[Exercise details]: Starting at the line that contains "Các đơn vị gửi", transcribe each line through the end of the material below, exactly and nothing else, leaving out the pictures.

[Given information]:
───
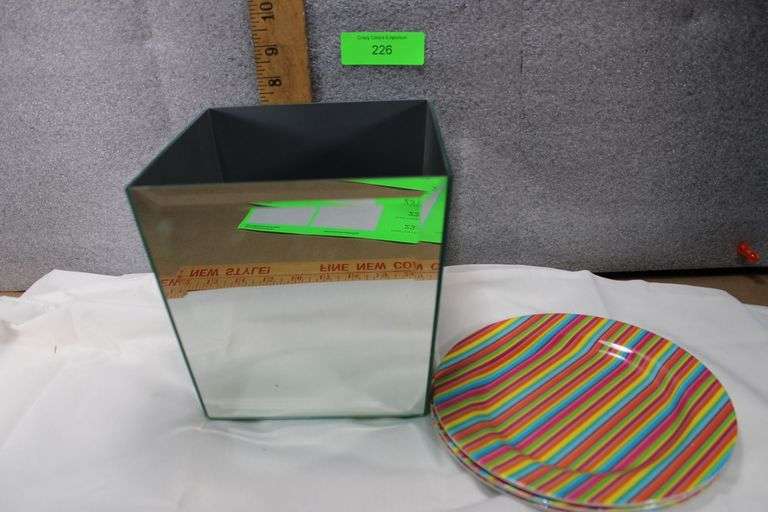 Mirror Potter, 3 striped plates image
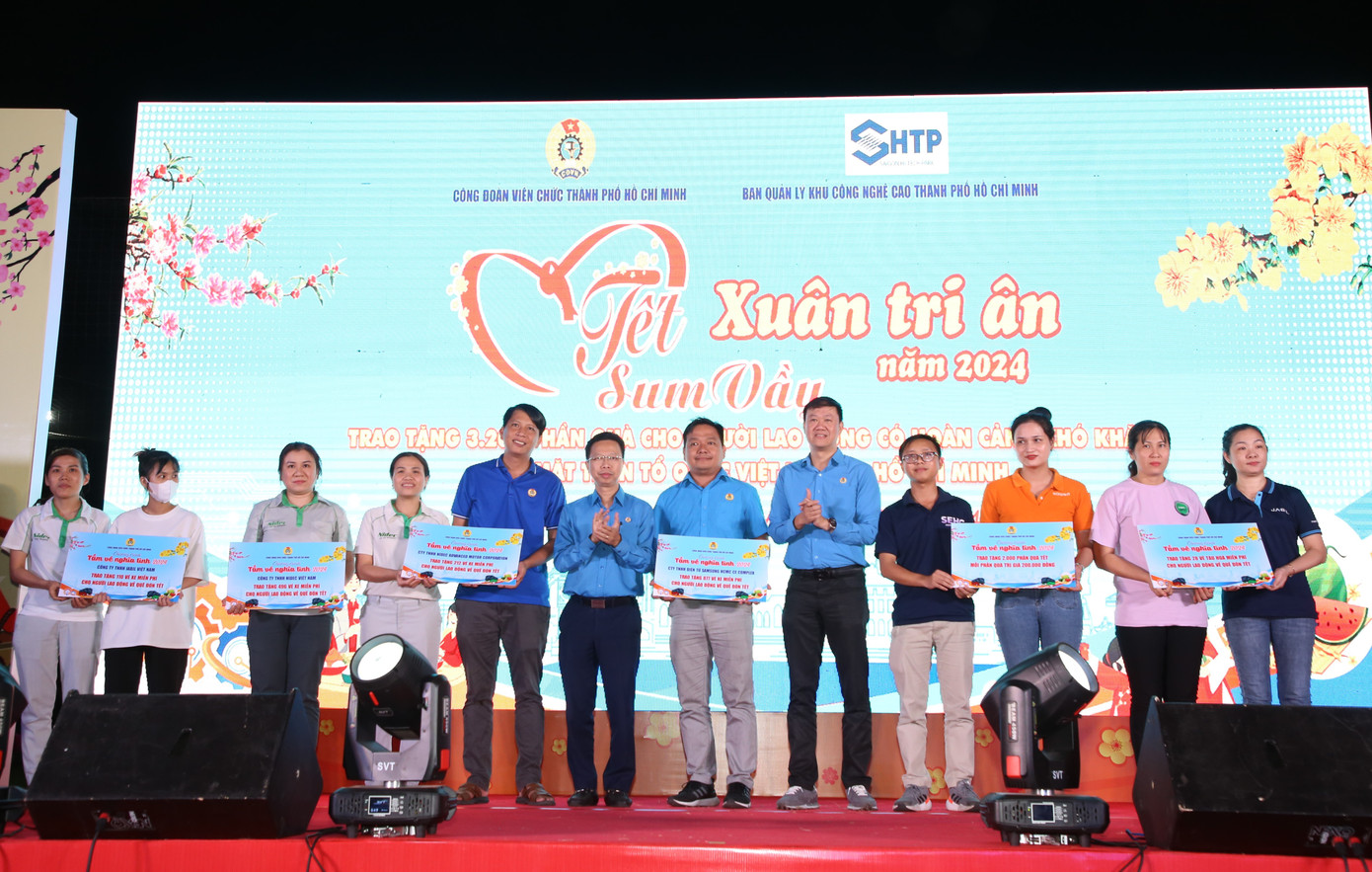 Các đơn vị gửi tặng vé xe về quê đón tết và quà cho người lao động.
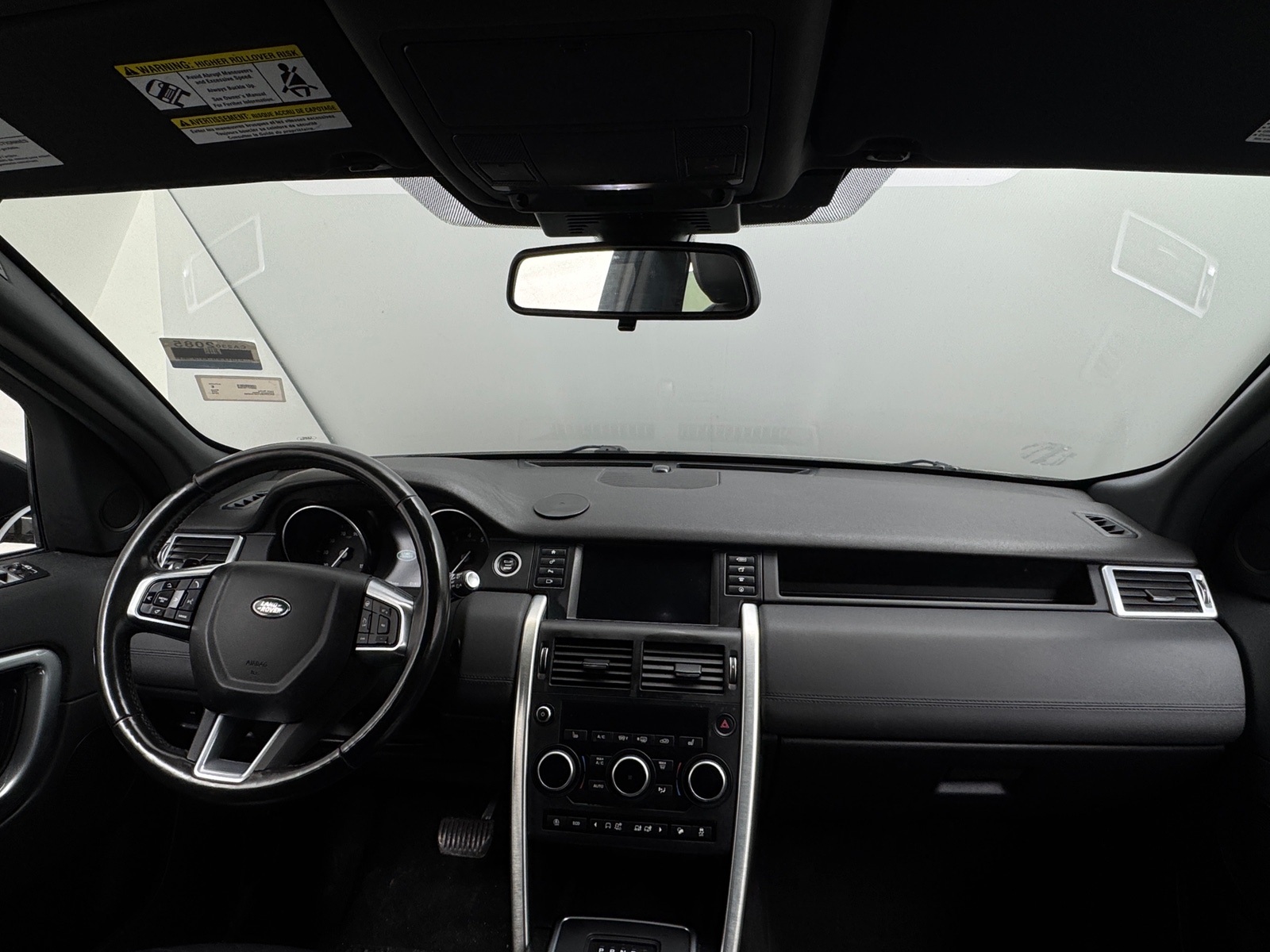 Thumbnail: 2018 Land Rover Discovery Sport - 2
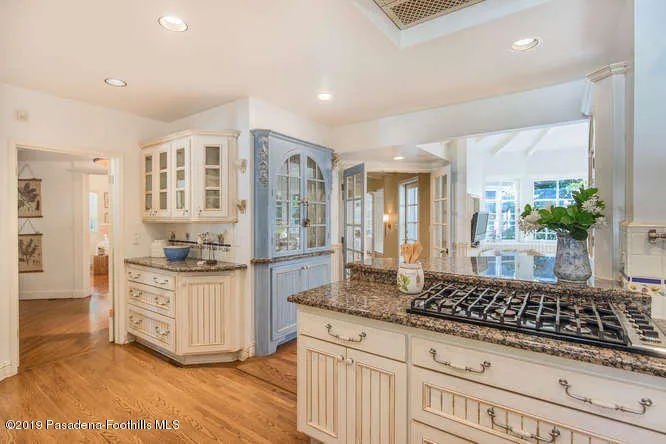 399 Flintridge Oaks Dr La-small-022-021-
───
[Your response]:
 Các đơn vị gửi tặng vé xe về quê đón tết và quà cho người lao động.
 Thumbnail: 2018 Land Rover Discovery Sport - 2
 399 Flintridge Oaks Dr La-small-022-021-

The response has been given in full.